Photo Credit: Isaac Talbert, Fresh Exposure Images
I come to town inside a ship of steel,
with all the belch of smoke and stench
and people pushing at my back in fear,
with officers in coats and New York frowns.
I step inside a sea of brown and black,
by stretching towers tall with steel
and grey and grim. The man who rents
to me my flat is made of coal, and frowns—
an everlasting stream of words that make me blush.
Someone inside the clouds has turned a spicket
and the skies reflect my grief. A shower of tears
I work inside a factory. By beams of steel.
With men who smoke their small, white sticks
and yell at me in sounds I cannot understand.
I live inside a world of brown and black,
and walk away from job to climbing stairs of steel,
grey and grim—and fall into my sheets.
My flat is black like coal; it drowns
the everlasting stream of rusty brown that grows
from all the dripping down the wall. A spicket
some man above can never stop. It drips like gloom
I climb my way up on my roof. Gripping steel,
looking out at all the belch and smoke and sounds,
the people rushing by, going for home— I understand.
The setting sun covers up the view in black.
I cannot see the towers tall with steel,
and grey and grim, but they are there.
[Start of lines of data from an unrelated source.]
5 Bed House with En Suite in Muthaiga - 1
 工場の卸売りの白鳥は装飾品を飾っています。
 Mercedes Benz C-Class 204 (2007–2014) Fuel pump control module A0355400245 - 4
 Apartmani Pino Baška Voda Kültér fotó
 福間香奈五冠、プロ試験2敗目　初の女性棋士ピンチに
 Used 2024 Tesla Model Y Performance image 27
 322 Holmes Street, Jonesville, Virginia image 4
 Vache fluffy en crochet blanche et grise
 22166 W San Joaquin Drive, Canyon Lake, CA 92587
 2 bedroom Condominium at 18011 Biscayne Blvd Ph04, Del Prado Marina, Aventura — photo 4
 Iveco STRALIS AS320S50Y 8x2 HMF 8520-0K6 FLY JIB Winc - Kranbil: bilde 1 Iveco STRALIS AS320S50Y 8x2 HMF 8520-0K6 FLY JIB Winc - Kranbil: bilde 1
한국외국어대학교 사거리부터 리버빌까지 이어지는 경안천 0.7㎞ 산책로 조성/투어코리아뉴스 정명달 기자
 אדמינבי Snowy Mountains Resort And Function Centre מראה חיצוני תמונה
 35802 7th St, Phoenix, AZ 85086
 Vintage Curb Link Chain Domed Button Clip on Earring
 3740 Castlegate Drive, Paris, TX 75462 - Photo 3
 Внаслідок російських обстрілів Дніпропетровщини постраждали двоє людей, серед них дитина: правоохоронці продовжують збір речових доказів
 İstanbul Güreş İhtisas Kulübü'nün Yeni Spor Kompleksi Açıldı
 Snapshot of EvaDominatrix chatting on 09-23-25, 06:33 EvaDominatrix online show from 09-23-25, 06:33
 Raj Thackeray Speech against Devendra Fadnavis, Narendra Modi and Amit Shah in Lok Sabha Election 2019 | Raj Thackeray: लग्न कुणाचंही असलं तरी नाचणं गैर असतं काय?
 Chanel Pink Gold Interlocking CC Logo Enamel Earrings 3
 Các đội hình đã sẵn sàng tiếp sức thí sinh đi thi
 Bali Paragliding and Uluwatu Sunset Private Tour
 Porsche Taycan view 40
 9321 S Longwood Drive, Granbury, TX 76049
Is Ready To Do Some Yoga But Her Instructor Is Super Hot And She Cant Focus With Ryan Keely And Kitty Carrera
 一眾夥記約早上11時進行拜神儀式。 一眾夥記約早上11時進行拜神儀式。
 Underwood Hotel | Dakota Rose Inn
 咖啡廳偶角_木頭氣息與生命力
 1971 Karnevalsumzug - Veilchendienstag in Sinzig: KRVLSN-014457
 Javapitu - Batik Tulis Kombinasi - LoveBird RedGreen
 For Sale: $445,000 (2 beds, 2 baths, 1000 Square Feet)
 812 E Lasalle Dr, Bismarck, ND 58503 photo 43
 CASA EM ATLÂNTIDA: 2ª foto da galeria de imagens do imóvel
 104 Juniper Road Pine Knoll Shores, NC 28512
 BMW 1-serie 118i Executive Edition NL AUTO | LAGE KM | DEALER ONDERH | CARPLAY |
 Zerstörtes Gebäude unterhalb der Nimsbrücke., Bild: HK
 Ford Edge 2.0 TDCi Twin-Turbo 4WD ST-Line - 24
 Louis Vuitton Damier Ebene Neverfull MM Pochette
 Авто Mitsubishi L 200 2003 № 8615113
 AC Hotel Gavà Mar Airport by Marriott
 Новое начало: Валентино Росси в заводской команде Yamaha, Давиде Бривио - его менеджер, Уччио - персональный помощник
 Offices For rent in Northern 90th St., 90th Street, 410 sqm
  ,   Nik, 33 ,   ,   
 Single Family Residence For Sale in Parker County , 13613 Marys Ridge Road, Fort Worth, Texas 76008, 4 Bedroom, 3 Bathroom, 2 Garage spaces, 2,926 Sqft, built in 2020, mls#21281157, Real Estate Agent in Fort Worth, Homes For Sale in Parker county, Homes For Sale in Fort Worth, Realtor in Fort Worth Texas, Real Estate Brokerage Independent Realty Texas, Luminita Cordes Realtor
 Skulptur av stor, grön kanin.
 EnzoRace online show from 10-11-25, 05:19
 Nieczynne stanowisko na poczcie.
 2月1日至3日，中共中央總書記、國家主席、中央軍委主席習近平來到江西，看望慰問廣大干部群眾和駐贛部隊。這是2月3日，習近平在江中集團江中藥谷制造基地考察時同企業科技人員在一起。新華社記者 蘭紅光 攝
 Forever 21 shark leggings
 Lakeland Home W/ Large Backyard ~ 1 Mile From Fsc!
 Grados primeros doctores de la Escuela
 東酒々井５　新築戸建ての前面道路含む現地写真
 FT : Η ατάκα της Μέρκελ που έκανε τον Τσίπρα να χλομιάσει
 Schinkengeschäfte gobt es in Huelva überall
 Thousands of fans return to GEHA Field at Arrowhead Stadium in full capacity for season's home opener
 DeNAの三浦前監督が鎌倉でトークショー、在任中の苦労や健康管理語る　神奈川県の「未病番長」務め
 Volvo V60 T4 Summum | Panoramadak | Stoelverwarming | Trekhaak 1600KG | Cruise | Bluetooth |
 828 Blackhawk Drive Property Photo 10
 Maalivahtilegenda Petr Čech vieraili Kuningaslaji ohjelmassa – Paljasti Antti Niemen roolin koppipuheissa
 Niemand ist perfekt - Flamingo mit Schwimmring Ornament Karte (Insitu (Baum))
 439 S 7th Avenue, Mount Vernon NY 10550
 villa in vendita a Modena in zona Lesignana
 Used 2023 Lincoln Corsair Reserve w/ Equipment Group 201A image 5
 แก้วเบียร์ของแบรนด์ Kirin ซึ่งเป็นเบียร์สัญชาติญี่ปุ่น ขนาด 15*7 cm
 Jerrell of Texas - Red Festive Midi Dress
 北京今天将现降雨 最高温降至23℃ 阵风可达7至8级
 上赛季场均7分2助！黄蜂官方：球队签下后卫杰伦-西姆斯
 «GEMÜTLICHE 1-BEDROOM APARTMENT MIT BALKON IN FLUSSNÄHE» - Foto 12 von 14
Morning comes
and with it scares away the blackened coal dust
lying on New York. The sun is climbing up—a blush
of pink that spreads across sky, and turns a spicket
of light to wash my grief. A splash of bright
I go downtown inside a cart of steel,
with all the sound and clank and stench
and people speaking things I partly know;
officers in tight-lipped new York silence:
a swirl of teeming, varied brown and black.
I choose I will not look at the towers tall with steel,
and grey and grim, though they are there—morning comes
and I will go to factory, but now it will not drown
the everlasting stream of multi-country noise.